[Task prompt] With both ends included, repeat exactly the lines of the entries below from the one containing "AB 1783-US5T ETHERNET SWITCH" down to the one containing "Valiant Miniatures, WW2: Late War British Infantry Valiant", and no others.
====== Data excerpts
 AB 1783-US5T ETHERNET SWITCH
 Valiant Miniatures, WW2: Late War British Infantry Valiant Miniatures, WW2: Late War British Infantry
============
====== Data excerpts
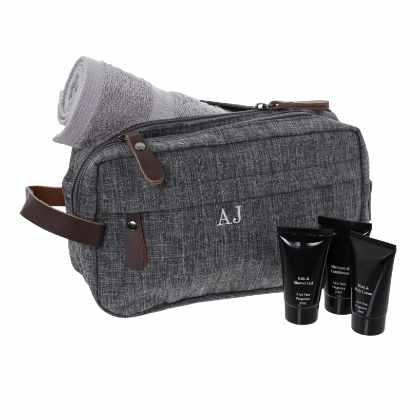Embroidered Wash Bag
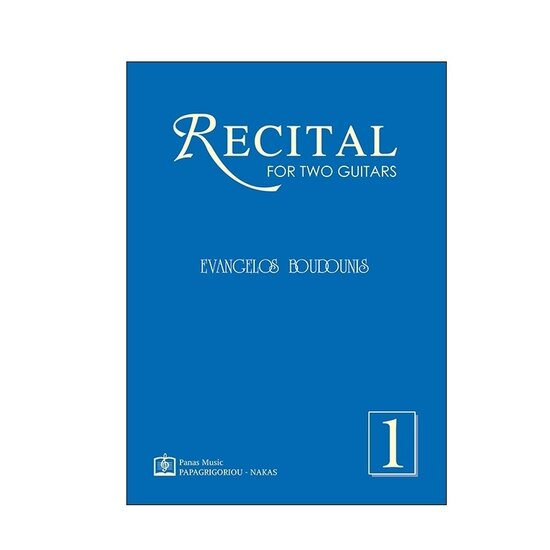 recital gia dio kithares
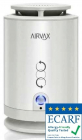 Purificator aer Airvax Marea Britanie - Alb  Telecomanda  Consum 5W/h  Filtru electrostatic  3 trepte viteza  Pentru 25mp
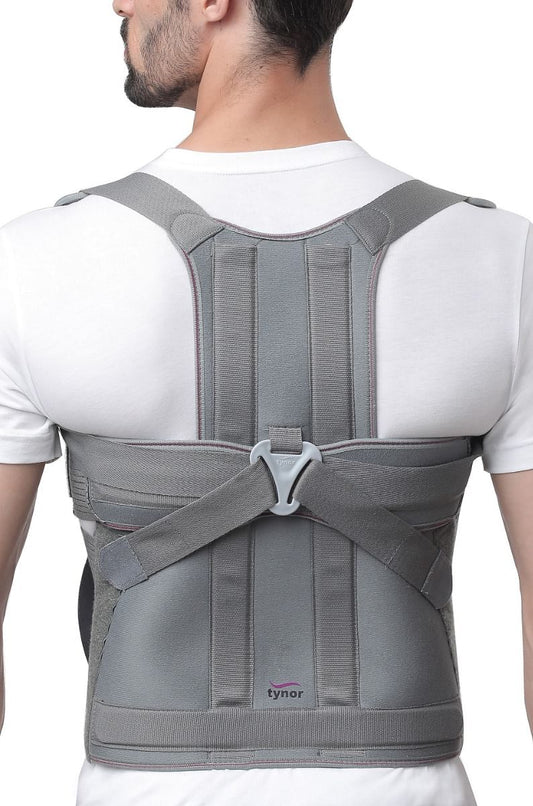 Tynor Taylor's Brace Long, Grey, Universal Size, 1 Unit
============
====== Data excerpts
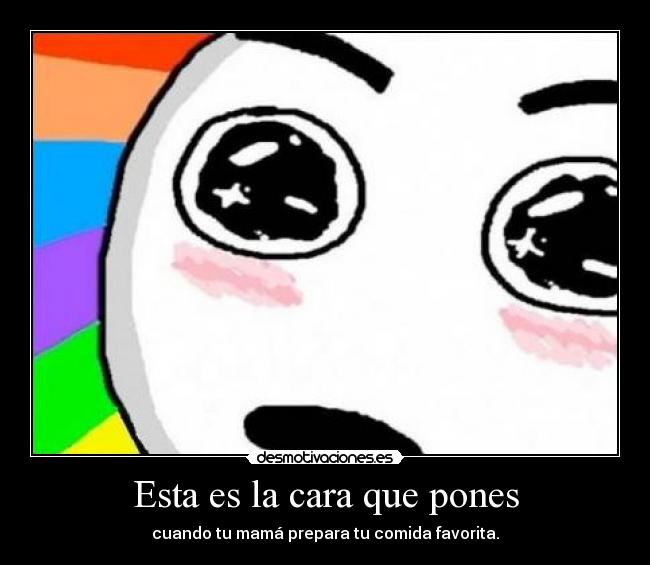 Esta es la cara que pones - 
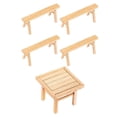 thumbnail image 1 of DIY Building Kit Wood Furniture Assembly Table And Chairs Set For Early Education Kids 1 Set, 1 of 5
============
[Response below]
 AB 1783-US5T ETHERNET SWITCH
 Valiant Miniatures, WW2: Late War British Infantry Valiant Miniatures, WW2: Late War British Infantry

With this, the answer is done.